U.S. & China Meet To Discuss Product Safety
Today begins the Sino-US Consumer Product Safety Summit, “an effort to sooth the black eyes that China and the U.S. are sporting after months of revelations that China is sending tainted products to the U.S. and the federal government has been doing little about it,” writes Dennis Rockstroh on his San Jose Mercury News blog.
The talks, scheduled for today and tomorrow, overlap other meetings about food safety between the two countries.

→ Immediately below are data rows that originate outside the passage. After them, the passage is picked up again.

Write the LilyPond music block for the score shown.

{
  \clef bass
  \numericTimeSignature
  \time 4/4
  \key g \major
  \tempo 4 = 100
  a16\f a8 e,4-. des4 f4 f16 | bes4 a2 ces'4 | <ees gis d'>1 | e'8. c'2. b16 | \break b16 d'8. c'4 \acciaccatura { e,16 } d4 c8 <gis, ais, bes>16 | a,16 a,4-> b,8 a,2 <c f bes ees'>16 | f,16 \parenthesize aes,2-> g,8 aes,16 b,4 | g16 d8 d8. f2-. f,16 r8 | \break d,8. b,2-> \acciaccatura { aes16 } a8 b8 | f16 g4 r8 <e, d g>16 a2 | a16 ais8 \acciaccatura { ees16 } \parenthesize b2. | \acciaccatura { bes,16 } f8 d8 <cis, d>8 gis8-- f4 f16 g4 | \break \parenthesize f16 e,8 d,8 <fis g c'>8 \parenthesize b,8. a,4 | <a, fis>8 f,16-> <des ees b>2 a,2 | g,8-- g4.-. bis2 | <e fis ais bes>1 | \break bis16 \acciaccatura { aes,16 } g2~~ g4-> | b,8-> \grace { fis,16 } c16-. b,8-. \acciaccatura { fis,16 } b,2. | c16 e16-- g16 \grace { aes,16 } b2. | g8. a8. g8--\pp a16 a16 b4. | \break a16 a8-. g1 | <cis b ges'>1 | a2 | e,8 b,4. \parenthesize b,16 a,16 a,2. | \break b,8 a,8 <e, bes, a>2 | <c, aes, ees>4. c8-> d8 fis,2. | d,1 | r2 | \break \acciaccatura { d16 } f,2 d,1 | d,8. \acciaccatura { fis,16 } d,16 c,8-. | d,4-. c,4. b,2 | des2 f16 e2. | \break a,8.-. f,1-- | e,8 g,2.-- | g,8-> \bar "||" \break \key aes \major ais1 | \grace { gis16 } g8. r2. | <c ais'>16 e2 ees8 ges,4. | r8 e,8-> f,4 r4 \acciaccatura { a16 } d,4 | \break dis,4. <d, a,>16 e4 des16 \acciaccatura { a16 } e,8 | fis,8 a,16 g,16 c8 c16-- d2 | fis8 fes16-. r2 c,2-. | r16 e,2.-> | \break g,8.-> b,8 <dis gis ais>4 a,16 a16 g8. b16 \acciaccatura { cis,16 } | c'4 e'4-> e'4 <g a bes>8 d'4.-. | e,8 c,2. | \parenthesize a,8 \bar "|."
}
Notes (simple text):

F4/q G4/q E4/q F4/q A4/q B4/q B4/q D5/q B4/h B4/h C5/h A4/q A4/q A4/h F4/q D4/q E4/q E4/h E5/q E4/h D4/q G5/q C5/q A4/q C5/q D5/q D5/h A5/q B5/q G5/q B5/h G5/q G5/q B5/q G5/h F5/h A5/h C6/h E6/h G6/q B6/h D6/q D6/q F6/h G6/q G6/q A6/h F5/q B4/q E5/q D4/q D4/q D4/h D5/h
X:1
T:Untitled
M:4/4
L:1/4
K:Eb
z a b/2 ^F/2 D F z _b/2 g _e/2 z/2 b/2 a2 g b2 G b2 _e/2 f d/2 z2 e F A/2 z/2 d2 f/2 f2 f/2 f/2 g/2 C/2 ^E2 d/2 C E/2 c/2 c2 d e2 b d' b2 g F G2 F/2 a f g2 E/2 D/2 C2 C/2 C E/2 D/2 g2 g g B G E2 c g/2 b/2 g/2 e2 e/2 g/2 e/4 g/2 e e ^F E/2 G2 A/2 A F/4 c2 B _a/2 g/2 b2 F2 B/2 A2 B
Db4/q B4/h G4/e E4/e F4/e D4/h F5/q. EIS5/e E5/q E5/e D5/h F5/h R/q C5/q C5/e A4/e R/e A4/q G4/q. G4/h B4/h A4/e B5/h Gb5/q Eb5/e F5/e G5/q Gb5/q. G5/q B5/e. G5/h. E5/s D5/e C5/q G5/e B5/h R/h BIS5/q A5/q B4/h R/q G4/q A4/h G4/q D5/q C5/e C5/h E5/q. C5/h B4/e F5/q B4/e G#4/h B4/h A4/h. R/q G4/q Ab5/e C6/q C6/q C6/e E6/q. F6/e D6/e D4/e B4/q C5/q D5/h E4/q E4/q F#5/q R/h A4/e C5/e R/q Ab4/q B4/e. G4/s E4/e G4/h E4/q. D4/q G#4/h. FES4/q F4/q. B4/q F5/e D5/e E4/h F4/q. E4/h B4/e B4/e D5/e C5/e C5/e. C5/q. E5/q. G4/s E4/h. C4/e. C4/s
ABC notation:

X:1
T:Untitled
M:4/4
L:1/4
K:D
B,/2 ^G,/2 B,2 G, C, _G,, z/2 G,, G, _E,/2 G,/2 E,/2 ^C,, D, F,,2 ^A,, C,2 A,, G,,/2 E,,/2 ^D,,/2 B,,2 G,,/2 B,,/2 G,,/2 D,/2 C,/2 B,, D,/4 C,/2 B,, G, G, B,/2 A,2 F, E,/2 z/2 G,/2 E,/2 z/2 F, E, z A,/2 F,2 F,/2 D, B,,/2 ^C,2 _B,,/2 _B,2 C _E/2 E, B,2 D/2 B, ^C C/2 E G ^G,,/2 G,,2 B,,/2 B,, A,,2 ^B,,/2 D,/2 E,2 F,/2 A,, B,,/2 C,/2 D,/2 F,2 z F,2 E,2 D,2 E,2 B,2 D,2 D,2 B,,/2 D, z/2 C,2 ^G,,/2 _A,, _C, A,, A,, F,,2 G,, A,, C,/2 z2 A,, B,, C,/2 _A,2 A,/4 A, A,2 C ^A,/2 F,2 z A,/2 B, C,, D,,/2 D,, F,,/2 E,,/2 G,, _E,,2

They’ll include representatives from the US Consumer Product Safety Commission (CPSC) and the equivalent Chinese agency, as well as reps from American companies that import Chinese products.
But experts caution we shouldn’t expect anything too important to come of it—as one tells the International Herald Tribune, “Manage your expectations, because both organizations, while very dedicated and very serious, face limits as to what they can do.”
This may be why Rockstroh isn’t buying the “summit” as anything more than damage control by nervous government officials:
U.S. leaders and lawmakers have said that they are shocked — shocked — to hear that China’s dangerous products have flooded U.S. markets. These are the same people who have been systematically dismantling federal regulatory agencies. The Bush administration even tried to unsuccessfully appoint a lobbyist who had fought against consumer safety rules to head the U.S. Consumer Product Safety Commission.
Personally, we’d like to give the CPSC the benefit of the doubt, considering how hamstrung it’s been the past few years. But, yeah, what he said.
“US-China consumer safety talks start” [San Jose Mercury News]
“U.S. and Chinese officials to meet on safety issues” [International Herald Tribune]
(Photo: Getty)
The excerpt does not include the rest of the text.